**Task details**.
Give again, unaltered, the line with "Gilt French Charles" and all lines that follow it in the listing below, minus any pictures.

**Given data**.
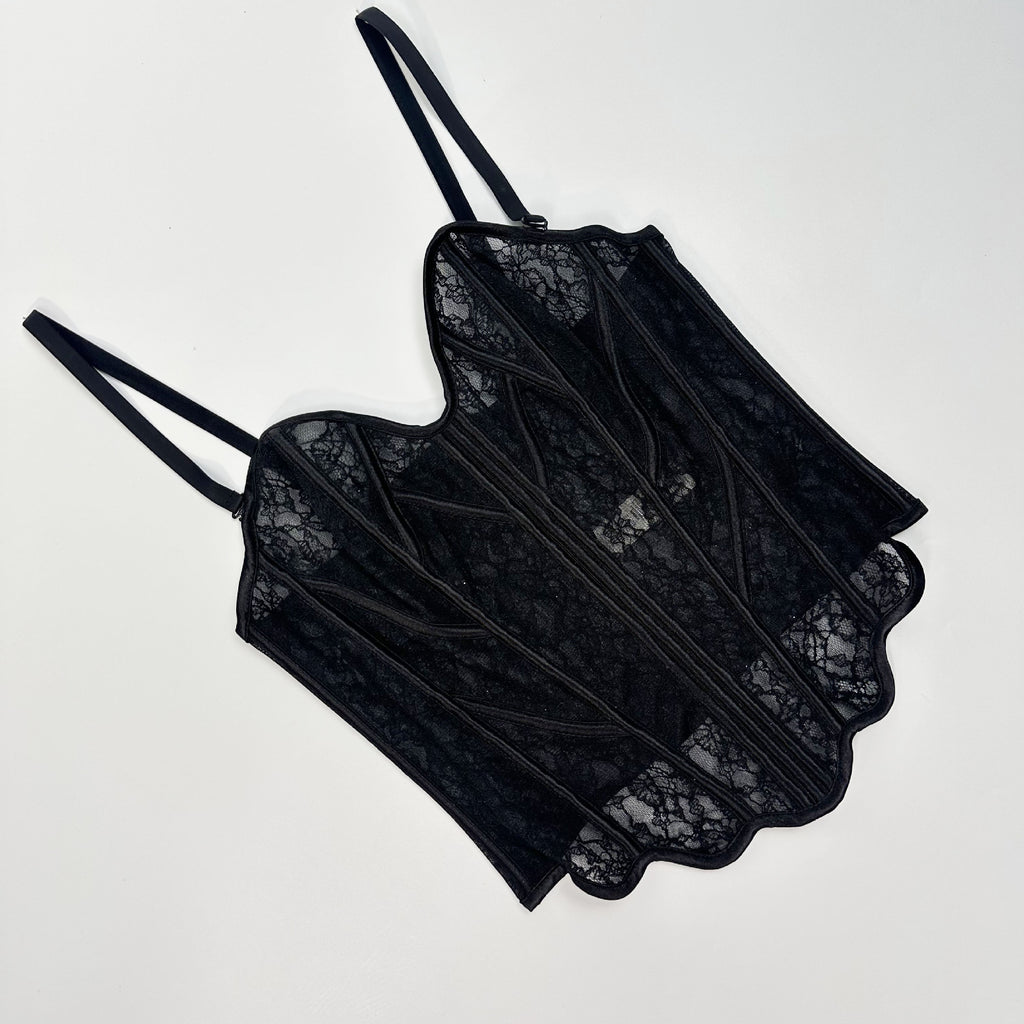French Style Hollow Lace Fishbone Corset Bra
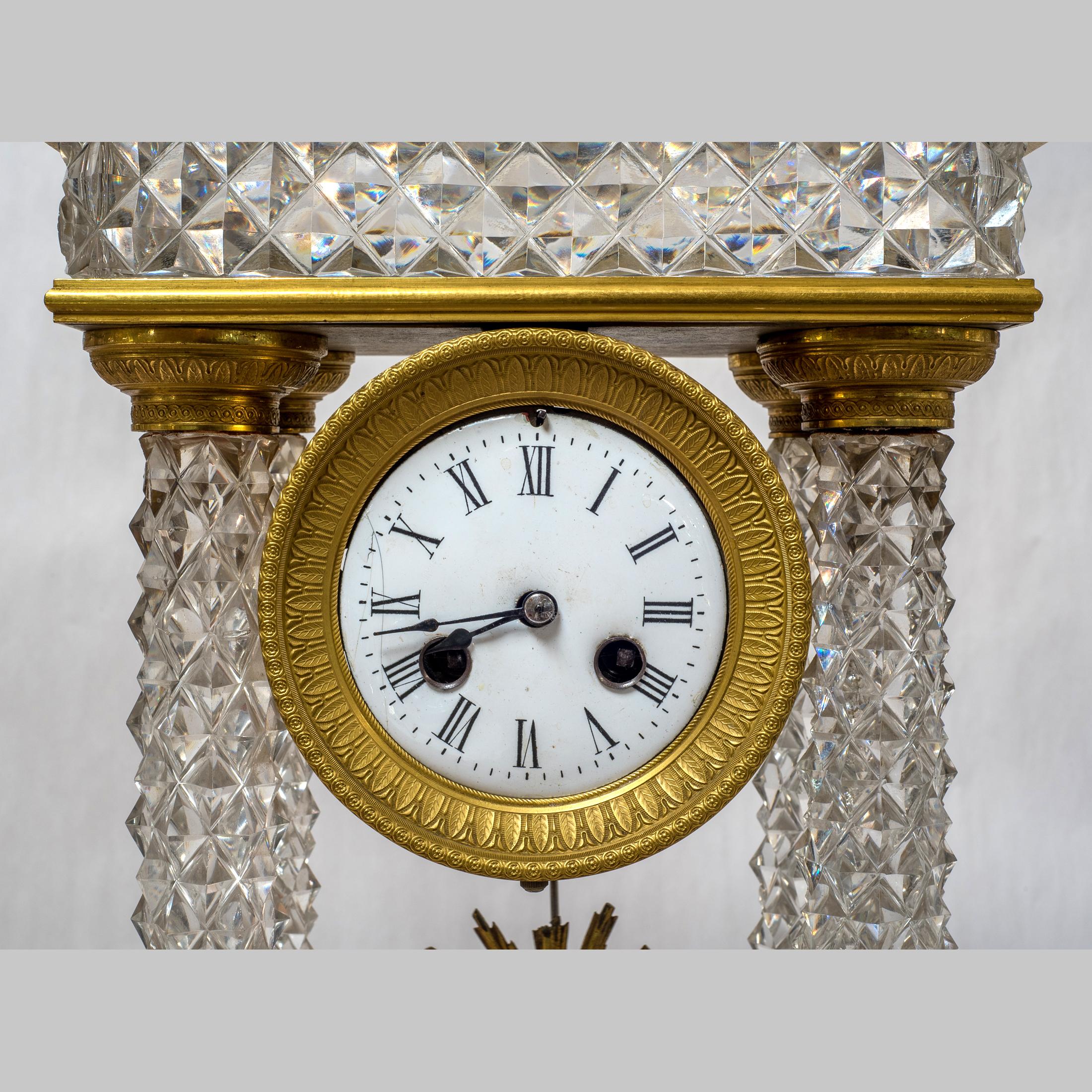 Gilt French Charles X Ormolu and Cut-Glass Portico Mantel Clock For Sale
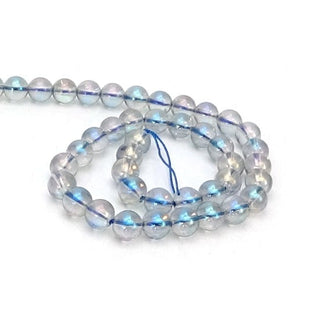 Clear Quartz -Bluish Opal Electroplated - Round Strand 15" - 8mm from The Rock Space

**Answer section**.
 Gilt French Charles X Ormolu and Cut-Glass Portico Mantel Clock For Sale
 Clear Quartz -Bluish Opal Electroplated - Round Strand 15" - 8mm from The Rock Space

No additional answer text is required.